• WORK ITEM: Pick out every line of the entries below where "from" occurs, and copy those lines.

[Stored records]
+--

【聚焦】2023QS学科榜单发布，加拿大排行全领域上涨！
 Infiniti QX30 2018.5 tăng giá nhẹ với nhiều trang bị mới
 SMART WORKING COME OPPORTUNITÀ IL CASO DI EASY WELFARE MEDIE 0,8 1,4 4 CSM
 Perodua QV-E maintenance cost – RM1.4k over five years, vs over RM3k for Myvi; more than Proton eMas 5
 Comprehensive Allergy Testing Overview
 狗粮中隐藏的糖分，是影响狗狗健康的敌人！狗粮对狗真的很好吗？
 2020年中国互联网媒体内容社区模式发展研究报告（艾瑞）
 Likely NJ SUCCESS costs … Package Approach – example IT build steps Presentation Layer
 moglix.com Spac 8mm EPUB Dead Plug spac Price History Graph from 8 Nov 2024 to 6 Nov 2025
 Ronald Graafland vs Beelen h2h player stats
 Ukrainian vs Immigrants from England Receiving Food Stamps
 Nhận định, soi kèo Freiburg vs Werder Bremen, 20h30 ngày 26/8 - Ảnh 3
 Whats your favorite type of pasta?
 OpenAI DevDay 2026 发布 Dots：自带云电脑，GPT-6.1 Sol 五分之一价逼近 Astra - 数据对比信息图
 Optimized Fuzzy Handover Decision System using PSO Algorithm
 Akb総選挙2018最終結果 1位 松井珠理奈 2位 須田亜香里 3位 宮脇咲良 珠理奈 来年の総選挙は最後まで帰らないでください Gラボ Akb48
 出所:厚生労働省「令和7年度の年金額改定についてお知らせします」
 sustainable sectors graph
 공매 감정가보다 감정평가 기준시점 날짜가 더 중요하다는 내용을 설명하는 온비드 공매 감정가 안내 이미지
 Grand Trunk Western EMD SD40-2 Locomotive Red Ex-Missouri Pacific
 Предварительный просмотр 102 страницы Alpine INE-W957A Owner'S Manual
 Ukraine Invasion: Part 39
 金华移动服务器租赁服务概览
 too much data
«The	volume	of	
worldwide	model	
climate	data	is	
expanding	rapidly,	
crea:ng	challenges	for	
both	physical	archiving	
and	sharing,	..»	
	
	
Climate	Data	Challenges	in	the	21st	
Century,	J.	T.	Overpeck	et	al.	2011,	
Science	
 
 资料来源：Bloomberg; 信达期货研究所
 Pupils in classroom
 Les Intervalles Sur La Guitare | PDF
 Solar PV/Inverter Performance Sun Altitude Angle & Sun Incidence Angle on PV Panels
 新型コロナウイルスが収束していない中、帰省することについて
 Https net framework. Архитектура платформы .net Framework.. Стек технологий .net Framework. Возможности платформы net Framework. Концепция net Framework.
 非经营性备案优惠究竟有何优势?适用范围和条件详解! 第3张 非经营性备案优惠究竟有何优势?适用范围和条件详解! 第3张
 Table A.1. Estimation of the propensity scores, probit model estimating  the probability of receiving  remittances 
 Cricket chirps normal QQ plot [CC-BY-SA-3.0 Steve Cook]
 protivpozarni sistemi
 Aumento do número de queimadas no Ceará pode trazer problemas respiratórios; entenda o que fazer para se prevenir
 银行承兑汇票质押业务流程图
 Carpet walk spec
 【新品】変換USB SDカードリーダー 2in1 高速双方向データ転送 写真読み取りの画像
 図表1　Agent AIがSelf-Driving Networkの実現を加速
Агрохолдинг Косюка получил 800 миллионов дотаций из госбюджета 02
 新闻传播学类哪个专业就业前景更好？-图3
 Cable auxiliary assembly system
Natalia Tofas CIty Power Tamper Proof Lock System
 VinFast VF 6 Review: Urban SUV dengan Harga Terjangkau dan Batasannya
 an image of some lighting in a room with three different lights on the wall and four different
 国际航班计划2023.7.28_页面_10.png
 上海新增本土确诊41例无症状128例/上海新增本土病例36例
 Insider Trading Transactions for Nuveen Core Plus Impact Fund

+--

• SOLUTION FOR THIS TASK:
 moglix.com Spac 8mm EPUB Dead Plug spac Price History Graph from 8 Nov 2024 to 6 Nov 2025
 Ukrainian vs Immigrants from England Receiving Food Stamps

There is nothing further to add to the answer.